* WHAT YOU WILL DO: Return only the lines below starting at the line containing "Room in 3 BHK" and ending at the line containing "Nebel auf dem Sentiero degli Dei", both included, exactly as they are and with no pictures.

* EXERCISE DATA:
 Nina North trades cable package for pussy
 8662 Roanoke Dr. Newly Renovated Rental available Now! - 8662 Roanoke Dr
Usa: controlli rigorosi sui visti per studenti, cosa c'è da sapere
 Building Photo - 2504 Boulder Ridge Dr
--
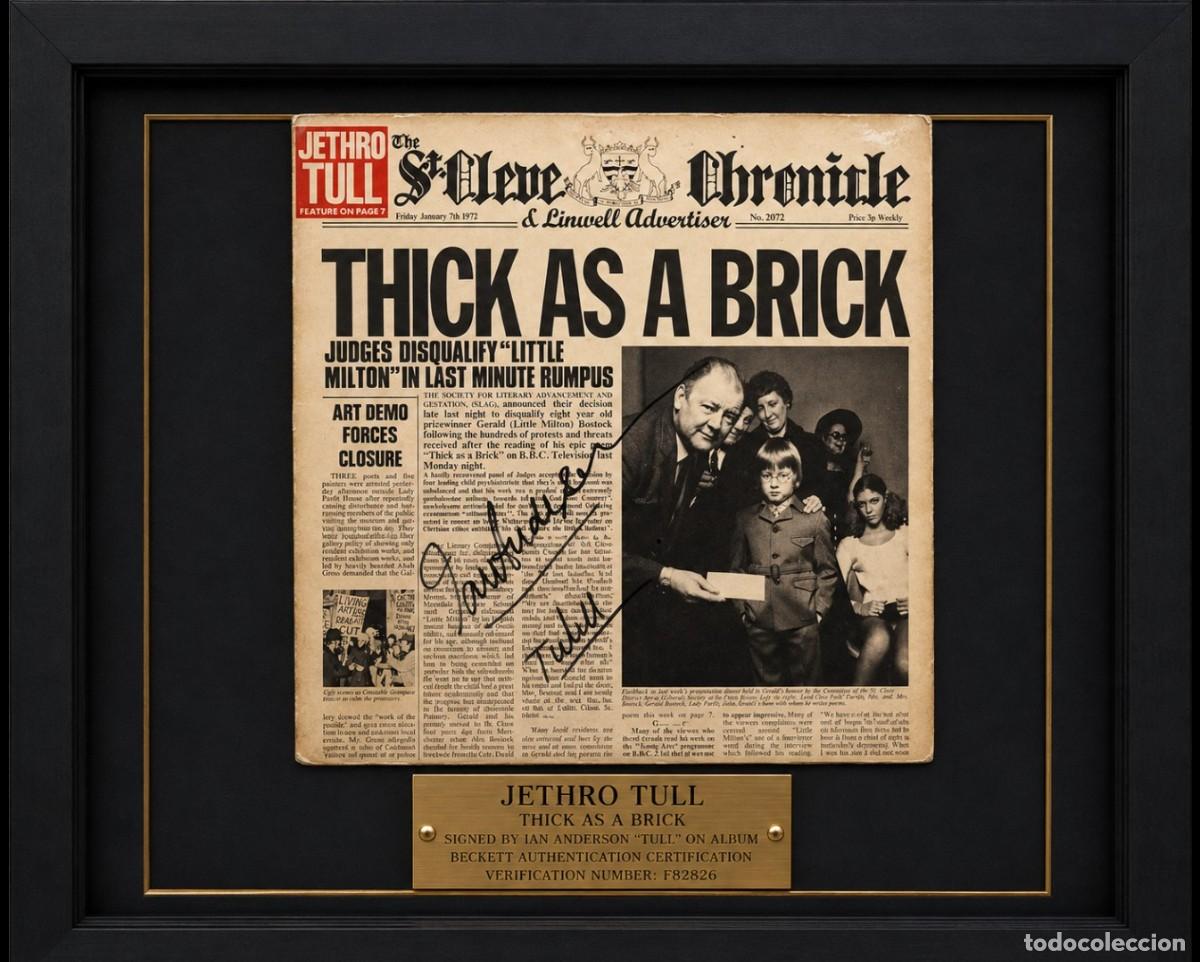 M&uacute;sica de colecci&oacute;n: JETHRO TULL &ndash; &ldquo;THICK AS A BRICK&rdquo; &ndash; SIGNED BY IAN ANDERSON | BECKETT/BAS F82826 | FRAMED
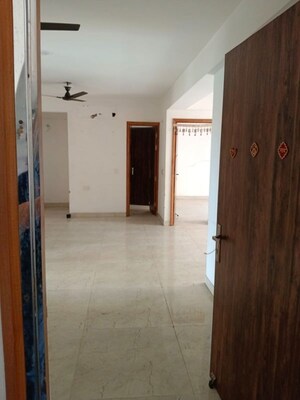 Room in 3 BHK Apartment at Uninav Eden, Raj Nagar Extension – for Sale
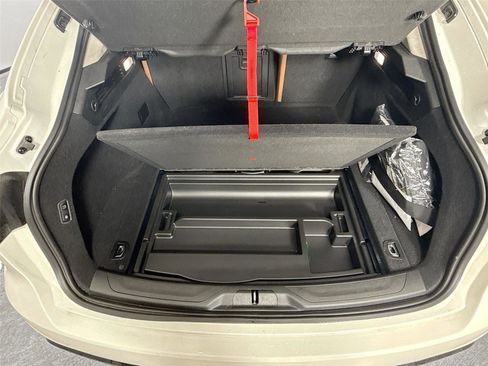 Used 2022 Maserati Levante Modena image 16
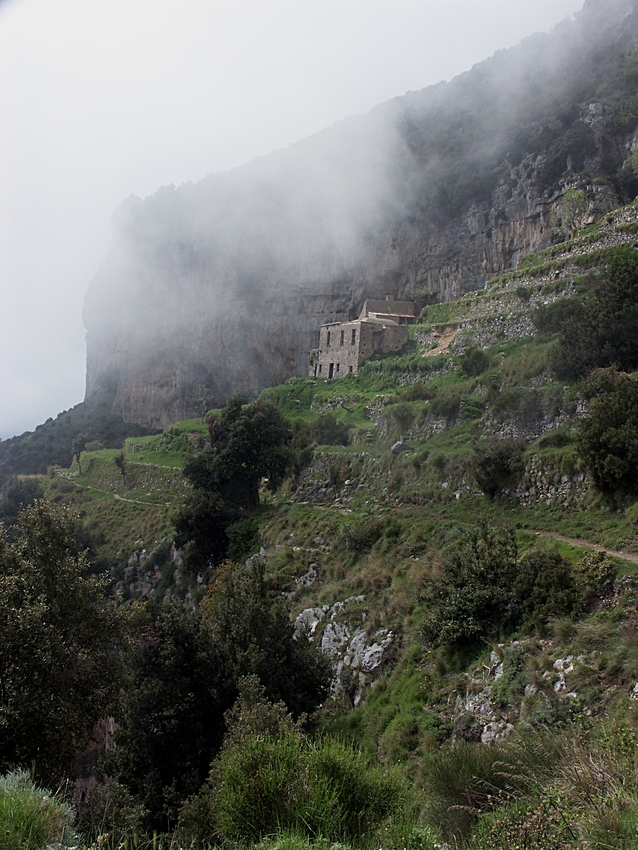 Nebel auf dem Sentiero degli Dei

* SOLVED PROBLEM:
 Room in 3 BHK Apartment at Uninav Eden, Raj Nagar Extension – for Sale
 Used 2022 Maserati Levante Modena image 16
 Nebel auf dem Sentiero degli Dei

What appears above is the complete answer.